Required work
Each line below that holds the word "contenidos" counts toward the answer; reply with the total number only.

Data for this exercise
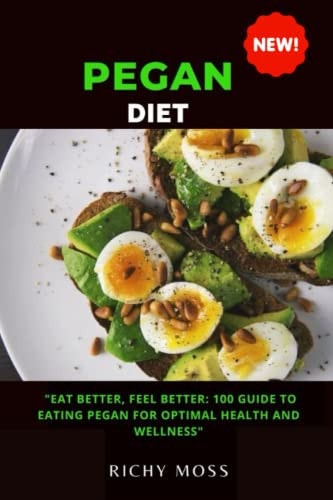 Pegan Diet Eat Better, Feel Better: 100 Guide to Eating Pegan for Optimal Health and Wellness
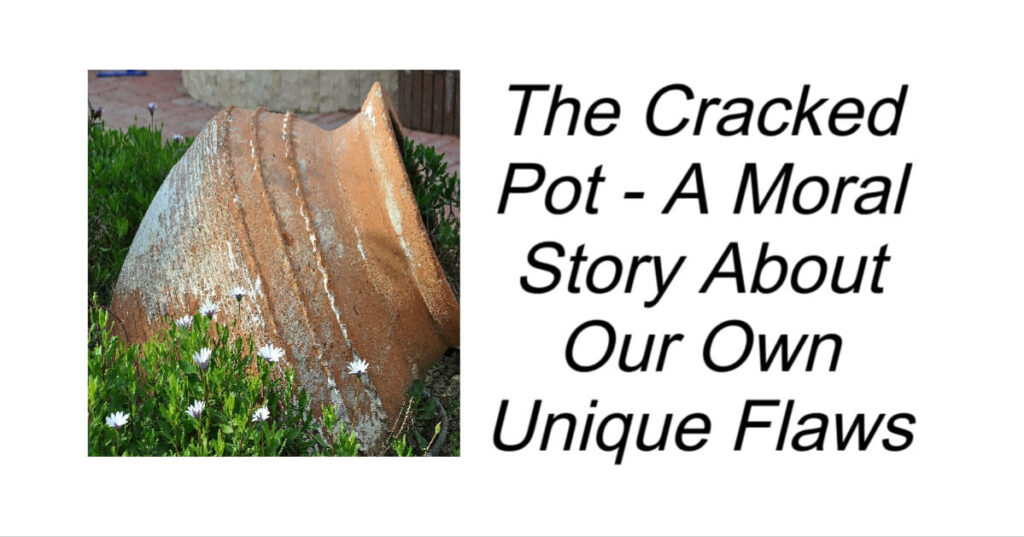 The Cracked Pot - A Moral Story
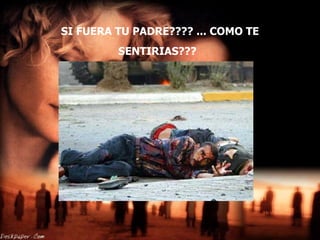 SI FUERA TU PADRE???? ... COMO TE  SENTIRIAS???   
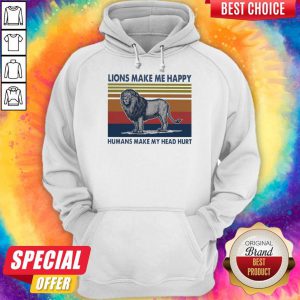 Lions Make Me Happy Humans Makes My Head Hurt Vintage Hoodie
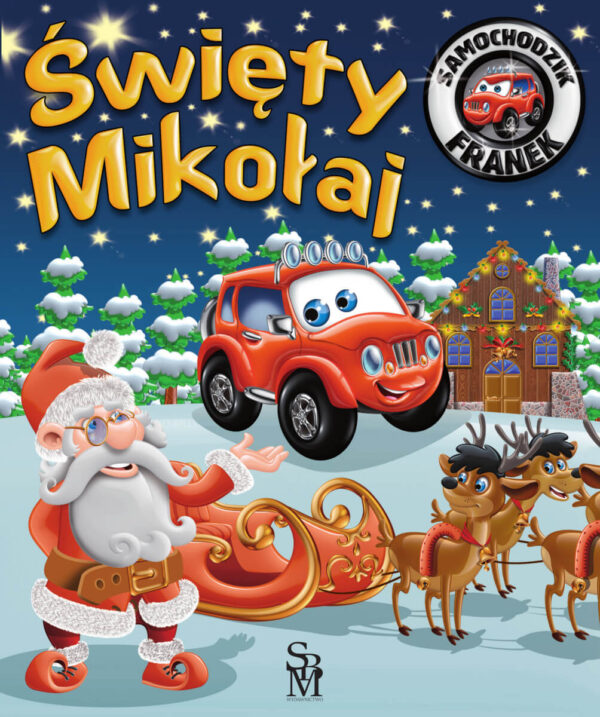 Święty Mikołaj. Samochodzik Franek - 978-83-8348-115-9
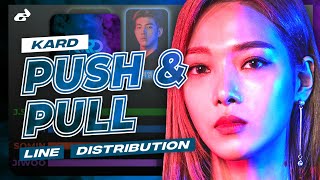 KARD (카드) - Push & Pull (Line Distribution)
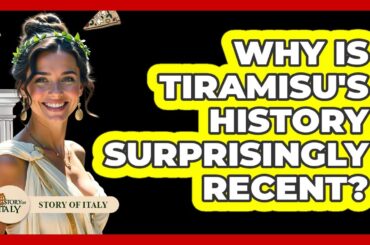 Why Is Tiramisu's History Surprisingly Recent? - Story Of Italy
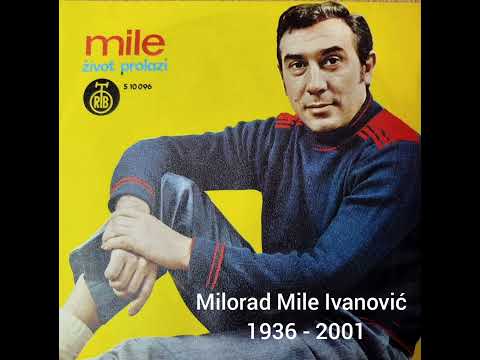 169. Milorad Ivanović "Mile"  - Život prolazi (1971)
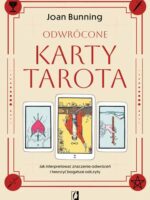 Odwrócone karty tarota. Jak interpretować znaczenie odwróceń i tworzyć bogatsze odczyty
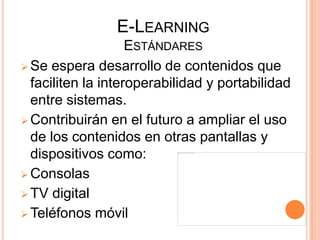 E-LEARNING
                    ESTÁNDARES
 Se espera desarrollo de contenidos que
  faciliten la interoperabilidad y portabilidad
  entre sistemas.
 Contribuirán en el futuro a ampliar el uso
  de los contenidos en otras pantallas y
  dispositivos como:
 Consolas
 TV digital
 Teléfonos móvil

Solved exercise
2